§ Data to use
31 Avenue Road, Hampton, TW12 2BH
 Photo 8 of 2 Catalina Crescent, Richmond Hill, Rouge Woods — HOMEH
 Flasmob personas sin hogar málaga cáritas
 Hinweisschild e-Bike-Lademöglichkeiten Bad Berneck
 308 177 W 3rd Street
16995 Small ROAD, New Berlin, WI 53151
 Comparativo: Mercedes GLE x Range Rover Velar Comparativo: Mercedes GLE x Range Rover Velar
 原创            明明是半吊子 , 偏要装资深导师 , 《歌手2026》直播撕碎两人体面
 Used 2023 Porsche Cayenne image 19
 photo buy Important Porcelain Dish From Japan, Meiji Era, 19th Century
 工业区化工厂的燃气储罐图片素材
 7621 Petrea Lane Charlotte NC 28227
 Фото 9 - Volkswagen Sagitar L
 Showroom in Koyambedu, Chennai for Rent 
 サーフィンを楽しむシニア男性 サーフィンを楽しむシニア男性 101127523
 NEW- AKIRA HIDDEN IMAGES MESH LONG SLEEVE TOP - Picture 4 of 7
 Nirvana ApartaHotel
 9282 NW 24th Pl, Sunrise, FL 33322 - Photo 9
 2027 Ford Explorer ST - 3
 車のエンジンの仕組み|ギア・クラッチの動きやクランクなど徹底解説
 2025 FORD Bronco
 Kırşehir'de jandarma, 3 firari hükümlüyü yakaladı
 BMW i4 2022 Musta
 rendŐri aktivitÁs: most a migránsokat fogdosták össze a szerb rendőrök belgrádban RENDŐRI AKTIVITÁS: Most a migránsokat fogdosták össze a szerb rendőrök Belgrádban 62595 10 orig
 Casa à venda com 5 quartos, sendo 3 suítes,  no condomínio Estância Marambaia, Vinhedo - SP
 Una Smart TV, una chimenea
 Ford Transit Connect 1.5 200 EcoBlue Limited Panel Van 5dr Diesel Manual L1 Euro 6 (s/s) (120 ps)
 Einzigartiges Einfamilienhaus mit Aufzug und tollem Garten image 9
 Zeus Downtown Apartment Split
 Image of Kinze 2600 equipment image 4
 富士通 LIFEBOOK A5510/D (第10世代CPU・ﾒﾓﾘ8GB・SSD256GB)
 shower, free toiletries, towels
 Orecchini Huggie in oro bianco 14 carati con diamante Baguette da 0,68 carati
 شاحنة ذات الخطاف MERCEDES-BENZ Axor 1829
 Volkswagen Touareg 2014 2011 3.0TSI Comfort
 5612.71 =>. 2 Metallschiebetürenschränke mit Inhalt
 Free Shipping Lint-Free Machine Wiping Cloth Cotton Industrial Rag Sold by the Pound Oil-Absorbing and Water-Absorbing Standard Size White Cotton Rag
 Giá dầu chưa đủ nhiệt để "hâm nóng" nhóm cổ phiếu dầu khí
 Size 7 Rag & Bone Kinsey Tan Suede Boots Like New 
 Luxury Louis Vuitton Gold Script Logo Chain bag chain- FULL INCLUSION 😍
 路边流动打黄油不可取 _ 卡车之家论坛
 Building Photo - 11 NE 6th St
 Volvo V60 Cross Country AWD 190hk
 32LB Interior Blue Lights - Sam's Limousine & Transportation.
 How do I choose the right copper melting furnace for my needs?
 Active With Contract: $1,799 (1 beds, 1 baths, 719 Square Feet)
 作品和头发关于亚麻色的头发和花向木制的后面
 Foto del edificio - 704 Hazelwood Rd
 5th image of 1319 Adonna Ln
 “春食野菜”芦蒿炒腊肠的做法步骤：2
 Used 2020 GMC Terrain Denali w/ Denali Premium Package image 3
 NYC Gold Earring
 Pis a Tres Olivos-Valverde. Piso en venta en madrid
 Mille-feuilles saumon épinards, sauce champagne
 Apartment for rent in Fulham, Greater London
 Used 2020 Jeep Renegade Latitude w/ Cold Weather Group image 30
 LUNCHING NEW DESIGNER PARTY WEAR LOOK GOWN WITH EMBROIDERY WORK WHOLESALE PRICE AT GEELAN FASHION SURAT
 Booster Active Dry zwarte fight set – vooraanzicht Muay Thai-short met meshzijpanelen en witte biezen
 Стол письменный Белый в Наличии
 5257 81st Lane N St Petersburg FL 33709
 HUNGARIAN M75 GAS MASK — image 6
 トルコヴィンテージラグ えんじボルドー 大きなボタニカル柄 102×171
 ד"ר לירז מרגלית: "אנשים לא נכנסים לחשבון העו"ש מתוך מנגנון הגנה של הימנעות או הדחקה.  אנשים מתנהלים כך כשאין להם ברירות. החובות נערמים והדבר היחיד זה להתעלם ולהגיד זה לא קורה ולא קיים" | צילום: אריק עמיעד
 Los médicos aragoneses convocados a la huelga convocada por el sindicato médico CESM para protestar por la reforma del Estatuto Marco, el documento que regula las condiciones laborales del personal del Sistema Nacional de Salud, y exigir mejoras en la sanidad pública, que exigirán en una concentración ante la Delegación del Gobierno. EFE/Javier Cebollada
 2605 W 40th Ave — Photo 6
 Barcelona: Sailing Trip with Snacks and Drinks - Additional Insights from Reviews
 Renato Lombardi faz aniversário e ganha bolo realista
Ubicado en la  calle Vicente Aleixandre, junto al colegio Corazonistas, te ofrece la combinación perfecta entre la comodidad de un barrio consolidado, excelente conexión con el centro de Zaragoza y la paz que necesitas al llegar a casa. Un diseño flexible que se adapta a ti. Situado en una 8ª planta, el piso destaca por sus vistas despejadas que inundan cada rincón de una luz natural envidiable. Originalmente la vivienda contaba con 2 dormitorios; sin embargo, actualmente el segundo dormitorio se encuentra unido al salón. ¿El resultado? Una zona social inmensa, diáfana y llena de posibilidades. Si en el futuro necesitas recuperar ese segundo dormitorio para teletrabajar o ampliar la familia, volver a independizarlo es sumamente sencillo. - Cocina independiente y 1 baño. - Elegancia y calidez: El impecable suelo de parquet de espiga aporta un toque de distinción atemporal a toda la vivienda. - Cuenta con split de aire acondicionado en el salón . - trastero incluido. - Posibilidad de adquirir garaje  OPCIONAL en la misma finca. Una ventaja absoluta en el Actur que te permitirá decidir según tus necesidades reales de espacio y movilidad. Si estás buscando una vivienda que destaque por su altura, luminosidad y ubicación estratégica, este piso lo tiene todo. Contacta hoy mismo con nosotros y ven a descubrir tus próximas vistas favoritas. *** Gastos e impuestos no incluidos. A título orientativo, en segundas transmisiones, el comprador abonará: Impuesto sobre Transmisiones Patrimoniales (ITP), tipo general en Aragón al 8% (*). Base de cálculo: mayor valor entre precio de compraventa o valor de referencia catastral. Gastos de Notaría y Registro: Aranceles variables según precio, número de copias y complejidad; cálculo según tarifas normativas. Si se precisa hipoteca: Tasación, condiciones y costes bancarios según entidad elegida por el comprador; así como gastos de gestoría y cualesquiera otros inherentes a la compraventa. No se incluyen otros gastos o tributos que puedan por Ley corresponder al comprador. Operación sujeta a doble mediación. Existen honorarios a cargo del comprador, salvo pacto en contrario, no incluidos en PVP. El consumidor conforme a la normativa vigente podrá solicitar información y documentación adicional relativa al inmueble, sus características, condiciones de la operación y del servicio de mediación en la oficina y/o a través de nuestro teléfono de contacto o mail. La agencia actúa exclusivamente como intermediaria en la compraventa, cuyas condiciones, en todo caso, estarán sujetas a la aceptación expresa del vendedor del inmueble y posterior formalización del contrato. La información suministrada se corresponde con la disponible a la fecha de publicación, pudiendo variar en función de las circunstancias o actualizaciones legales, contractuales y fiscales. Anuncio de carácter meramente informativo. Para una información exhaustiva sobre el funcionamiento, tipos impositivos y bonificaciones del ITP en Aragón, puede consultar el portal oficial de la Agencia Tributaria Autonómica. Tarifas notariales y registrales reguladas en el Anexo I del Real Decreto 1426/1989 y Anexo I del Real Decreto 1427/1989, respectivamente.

§ Action item
Your answer must consist solely of the lines from the top of the entries above through the line containing "サーフィンを楽しむシニア男性 サーフィンを楽しむシニア男性 101127523", copied exactly, both ends included.

§ Reply to the task
31 Avenue Road, Hampton, TW12 2BH
 Photo 8 of 2 Catalina Crescent, Richmond Hill, Rouge Woods — HOMEH
 Flasmob personas sin hogar málaga cáritas
 Hinweisschild e-Bike-Lademöglichkeiten Bad Berneck
 308 177 W 3rd Street
16995 Small ROAD, New Berlin, WI 53151
 Comparativo: Mercedes GLE x Range Rover Velar Comparativo: Mercedes GLE x Range Rover Velar
 原创            明明是半吊子 , 偏要装资深导师 , 《歌手2026》直播撕碎两人体面
 Used 2023 Porsche Cayenne image 19
 photo buy Important Porcelain Dish From Japan, Meiji Era, 19th Century
 工业区化工厂的燃气储罐图片素材
 7621 Petrea Lane Charlotte NC 28227
 Фото 9 - Volkswagen Sagitar L
 Showroom in Koyambedu, Chennai for Rent 
 サーフィンを楽しむシニア男性 サーフィンを楽しむシニア男性 101127523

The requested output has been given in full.